§ WORK ITEM: Leave the pictures out. Return all other data exactly.

§ RECORDED DATA:
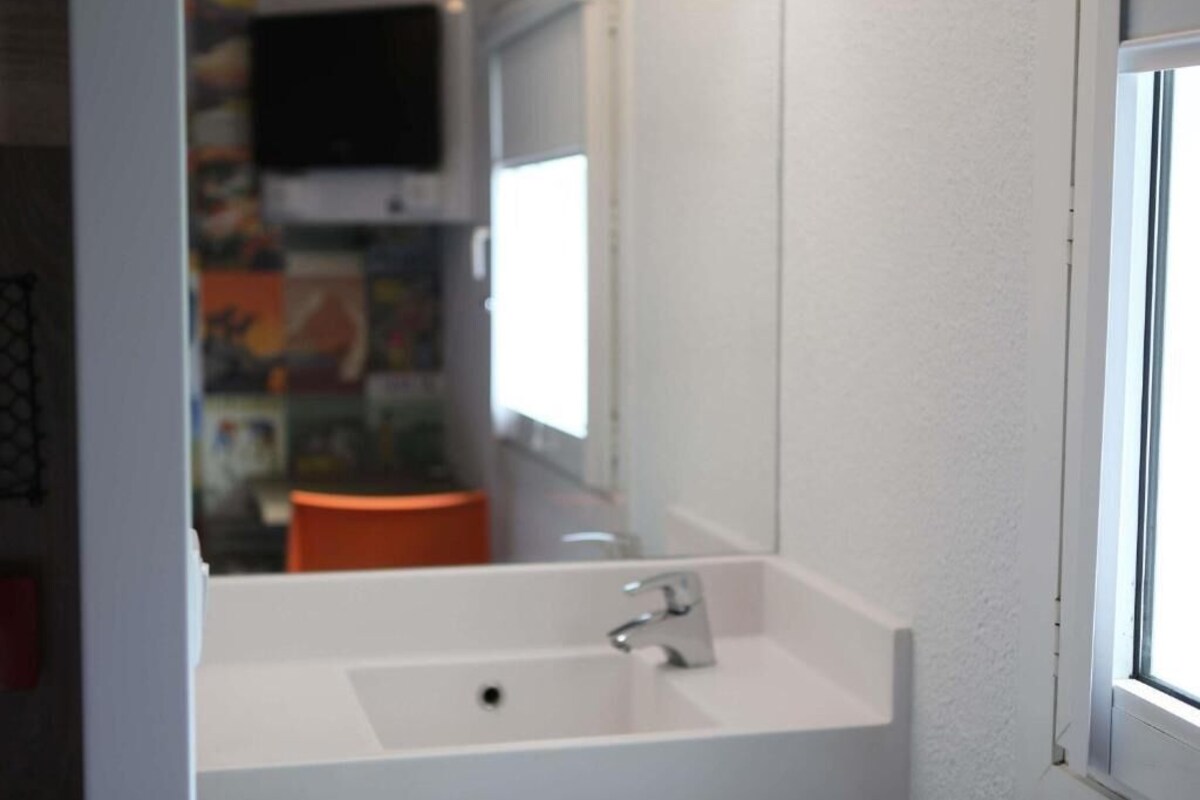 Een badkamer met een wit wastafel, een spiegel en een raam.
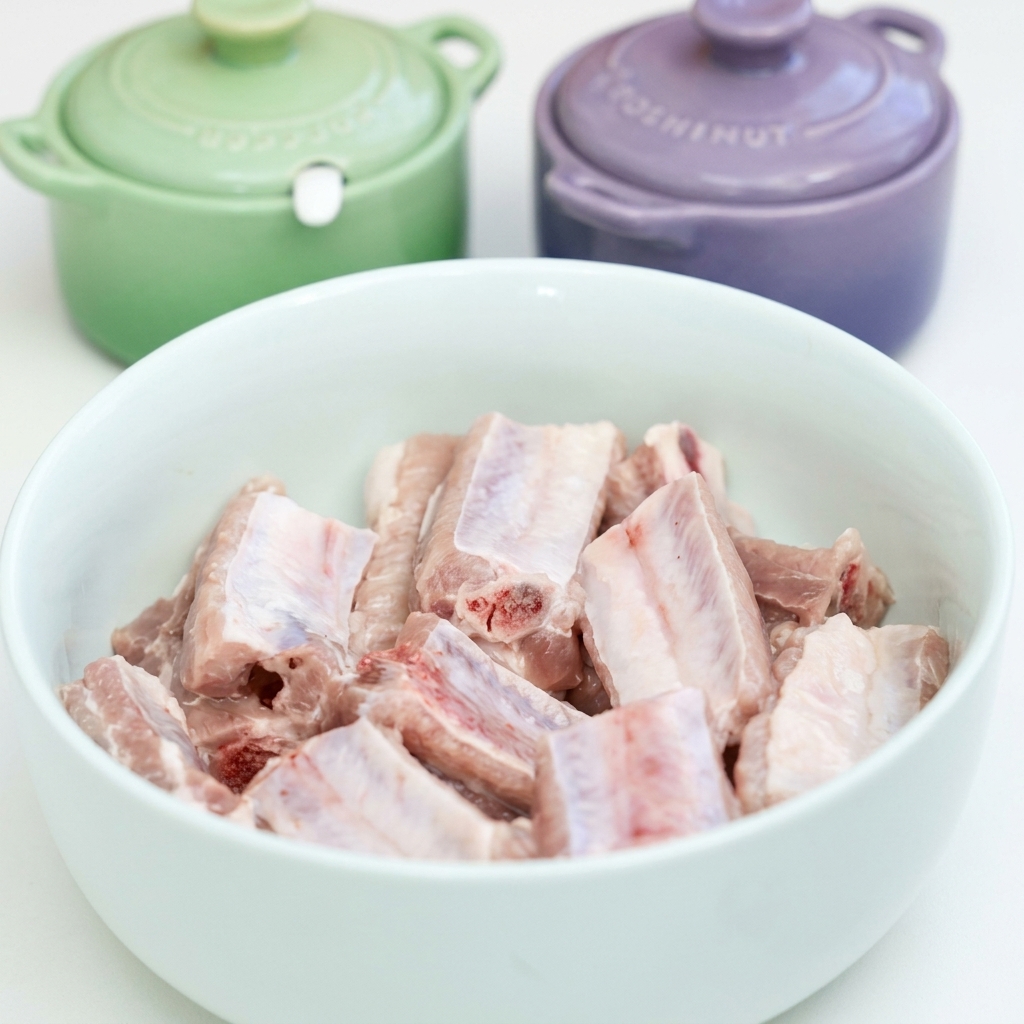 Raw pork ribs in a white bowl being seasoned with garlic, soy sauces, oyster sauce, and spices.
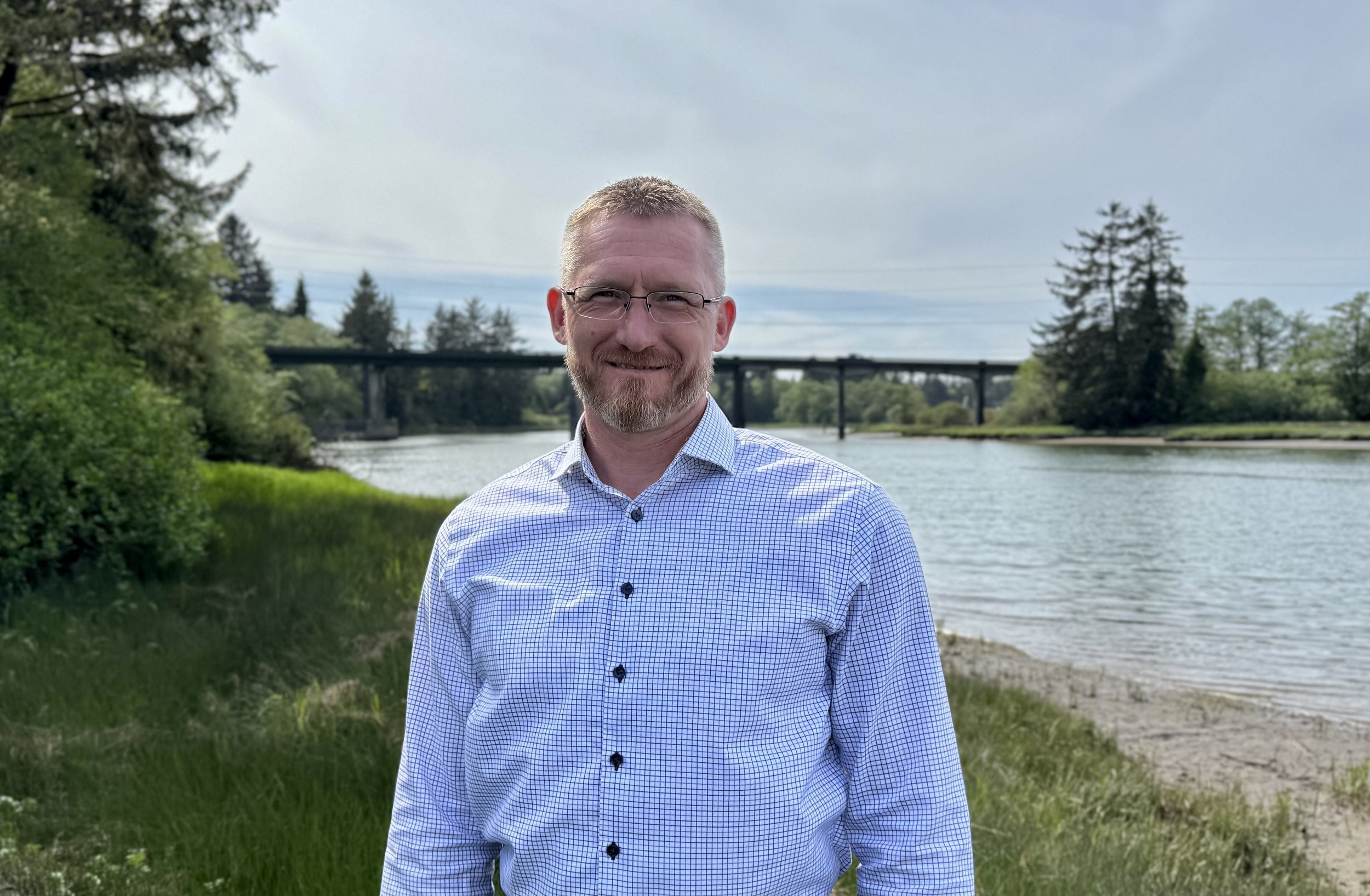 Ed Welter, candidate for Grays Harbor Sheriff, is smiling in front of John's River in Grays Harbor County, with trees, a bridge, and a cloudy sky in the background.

§ EXERCISE OUTPUT:
 Een badkamer met een wit wastafel, een spiegel en een raam.
 Raw pork ribs in a white bowl being seasoned with garlic, soy sauces, oyster sauce, and spices.
 Ed Welter, candidate for Grays Harbor Sheriff, is smiling in front of John's River in Grays Harbor County, with trees, a bridge, and a cloudy sky in the background.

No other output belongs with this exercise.